Directions for this task:
All of the data should be copied exactly, with the pictures left out.

START Input data

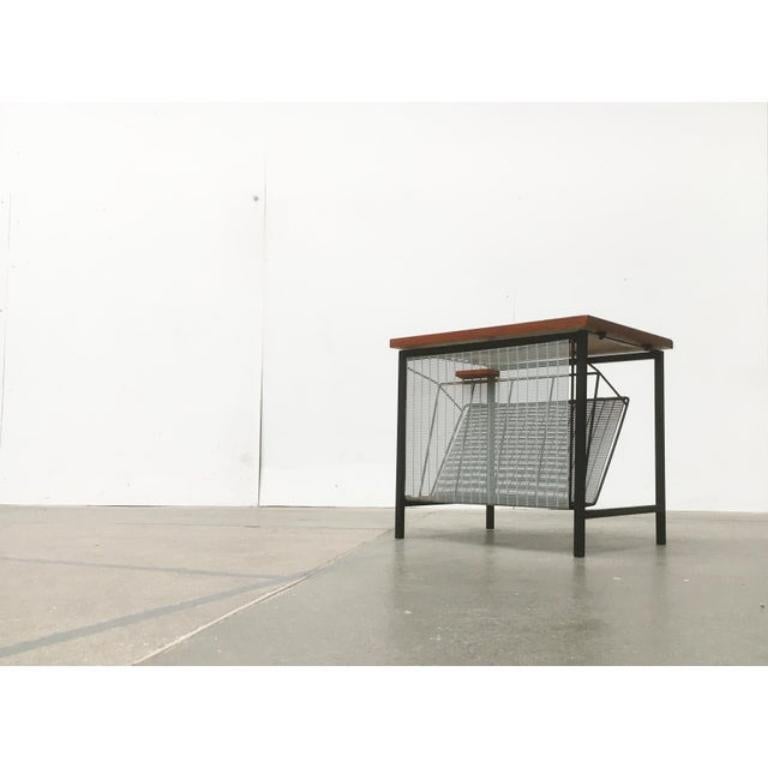 Table d'appoint fonctionnelle du milieu du siècle dernier avec porte-journaux.

Cette petite table d'appoint est à la fois une table et un porte-revues. L'avant peut être incliné vers l'avant d'un simple coup de poignet. La pile de magazines
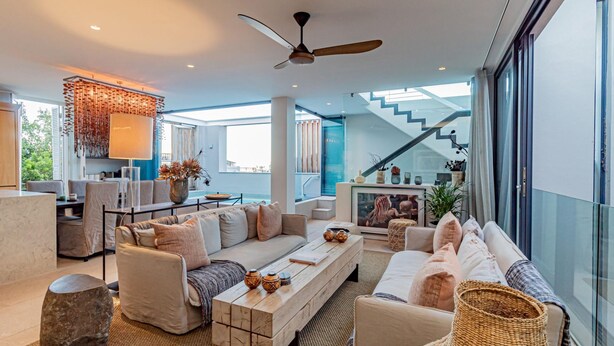 A spacious living area with a sofa set, a coffee table, and a dining table. There is a staircase leading to an upper level. - Stylish Apartment With Rooftop Deck Pool 53 Napier (Cape Town)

END Input data

Solution for this task:
 Table d'appoint fonctionnelle du milieu du siècle dernier avec porte-journaux.

Cette petite table d'appoint est à la fois une table et un porte-revues. L'avant peut être incliné vers l'avant d'un simple coup de poignet. La pile de magazines
 A spacious living area with a sofa set, a coffee table, and a dining table. There is a staircase leading to an upper level. - Stylish Apartment With Rooftop Deck Pool 53 Napier (Cape Town)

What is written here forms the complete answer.